Indo um pouco além nas comparações, a extensão territorial do Brasil é de 850 milhões de hectares, correlacionando esta área com os habitantes totais, em um cenário hipotético, se dividíssemos as terras entre todos teríamos em torno de 4 hectares por brasileiro.


Conclusão


A transferência da demarcação de terras indígenas, da Funai para o MAPA, implica na mudança das rotinas dos procedimentos até então adotados, portanto, não deverá ser um processo rápido.
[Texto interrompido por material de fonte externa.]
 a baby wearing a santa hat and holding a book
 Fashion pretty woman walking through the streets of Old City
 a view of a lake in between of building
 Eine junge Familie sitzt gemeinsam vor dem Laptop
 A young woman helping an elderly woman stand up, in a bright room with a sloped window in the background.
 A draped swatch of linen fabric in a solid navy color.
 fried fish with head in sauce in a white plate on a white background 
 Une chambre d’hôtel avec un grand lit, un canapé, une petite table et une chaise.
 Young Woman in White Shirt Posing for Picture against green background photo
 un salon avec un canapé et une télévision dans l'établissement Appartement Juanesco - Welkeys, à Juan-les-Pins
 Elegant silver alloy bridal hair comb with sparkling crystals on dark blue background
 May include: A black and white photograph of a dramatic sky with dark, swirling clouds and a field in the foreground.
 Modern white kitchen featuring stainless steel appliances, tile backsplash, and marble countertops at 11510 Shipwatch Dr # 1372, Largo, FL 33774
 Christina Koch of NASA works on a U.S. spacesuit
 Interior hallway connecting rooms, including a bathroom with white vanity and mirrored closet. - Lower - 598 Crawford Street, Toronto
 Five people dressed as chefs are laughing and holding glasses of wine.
Enquanto não é resolvido, fica a reflexão quanto a distribuição das terras no Brasil.


O presidente declarou ser contrário à demarcação de novas terras indígenas, mas não pode extinguir ou reduzir as terras que já foram demarcadas (a não ser por meio de uma Emenda Constitucional aprovada pelo Congresso).


Por vezes, as terras indígenas são vistas com viés negativo, mantenedoras de atraso, pois não há produção nem investimento tecnológico para que os índios possam explorar os recursos existentes.


Por outro lado, sabe-se que a cultura indígena é patrimônio histórico cultural brasileiro e propiciar as condições fundamentais para a sobrevivência física e cultural dos povos indígenas é dever da União, conforme consta na Constituição.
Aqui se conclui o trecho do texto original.